Despite being a geographically massive state, Alaska's population is less than that of Austin, Texas. Of our roughly 700,000 residents, about 40 percent live in and around the city of Anchorage. Juneau, the state capital, has no direct roads leading in and is accessible only by boat or plane. While Alaska could literally reach from the Atlantic Coast to the Pacific Coast in the lower forty-eight, locals refer to the state as the “biggest small town” in America. Outside of Anchorage (population 280,000), Fairbanks (metropolitan area population of about 90,000), and Juneau (31,000), we Alaskans hail from towns too small to be dots on most maps.

When I was two, my father moved our family from central California to Kodiak Island where he taught instrumental music and third grade.
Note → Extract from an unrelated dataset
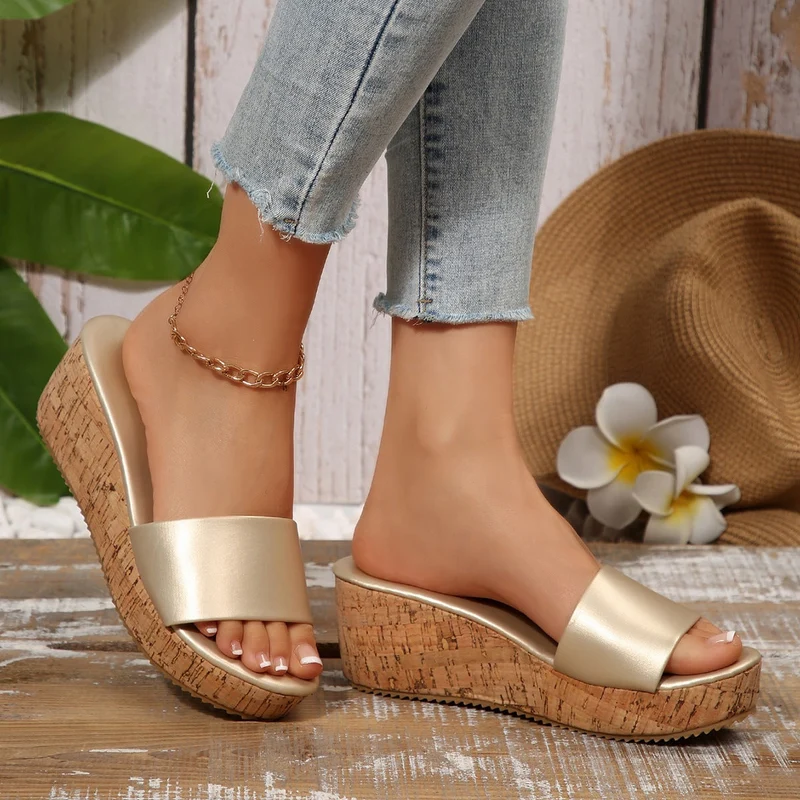 Damen Komfortable Wedge-Pantoletten mit breitem, verstellbarem Riemen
While the second largest island in the United States, Kodiak's population was less than 10,000 back in 1972, with our hometown of Kodiak City home to about 1,100 of these residents. The island boasts rainforests and heavy timber harvesting in the northeast, black shale cliffs in the south overlooking both the Gulf of Alaska and the Shelikof Straits, and sandy, rural, windswept vistas in the southwest, down near Alitak Bay and Olga Bay.
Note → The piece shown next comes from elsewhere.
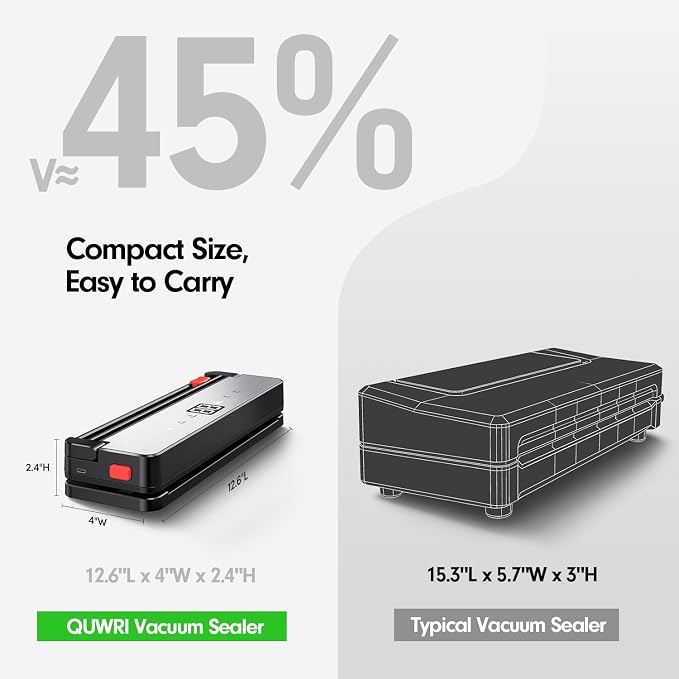Portable Vacuum Sealer for Food Storage: 75kPa Suction Vacuum Sealer Machine - 4000mAh Rechargeable Battery for Home Kitchens Apartments RVs & Travel - Dry & Moist Food Modes, Built-in Cutter - Image 4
Like much of Alaska, Kodiak was a throwback to an earlier time, with bars outnumbering churches and schools several times over. Our first stoplight—a blinking affair at a three-way intersection—was installed around 1980. For my parents, the adjustment from sunny California couldn't have been easy. In the worst of the December nights, I gathered branches or snapped apart pallets for firewood, but there was still little heat. In fact, it was not uncommon to find ice in the toilets come morning. We were poor even by local standards. If it wasn't for the charity of our church, the Kodiak Bible Chapel, and the abundance of salmon, halibut, and crab, we'd have likely starved. As it was, our family of six (two brothers and a sister) often went to bed hungry. Paper routes, frying burgers at a Dairy Queen, and eventually working
aboard sometimes dangerous commercial fishing boats became my way of contributing to the family income at an early age. These long hours instilled in me a willingness to work slavishly and an appreciation for people who struggle to keep their heads above water financially.
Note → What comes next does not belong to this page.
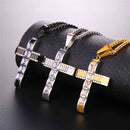 Mens Cubic Zirconia Cross Necklace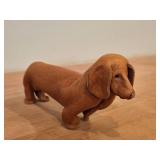 Vintage Basset Hound theme Handmade Leather Figurine by Deru (1960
And while a person never becomes accustomed to hardship, we on Kodiak Island accept our relative isolation, fickle weather, and the ever-present potential for natural disaster as the price we paid for a lifestyle of freedom and self-determination. For instance, we have a volcano just across Shelikof Strait, Mount Katmai, whose sixty-hour eruption in 1912 represented the largest of the twentieth century. The resulting blanket of soot washed down and covered Kodiak homes with ash that is still evident today when one digs down only a few inches. It was nearly seven years before the acid-choked waters of Kodiak could support a salmon industry again, but most of the island's early-century population of five hundred elected to remain and rebuild their lives.

On March 27, 1964, a second massive devastation struck the island. Centered less than one hundred miles away, the largest earthquake ever recorded in North America—magnitude 9.2 on the Richter scale—struck on Good Friday. Chimneys fell, windows shattered, and roofs caved. Devastating waves from an ensuing tsunami splintered homes and moorings. Like before, the citizens picked up, rebuilt, and started over. This far north, we know that it won't be
if
we face a next challenge, but
when
.

With these extremes, neighbor depends on neighbor when life hangs in the balance. Once we give our loyalty and word of honor, we do so with conviction and faith.

In Alaskan politics, it is no less true.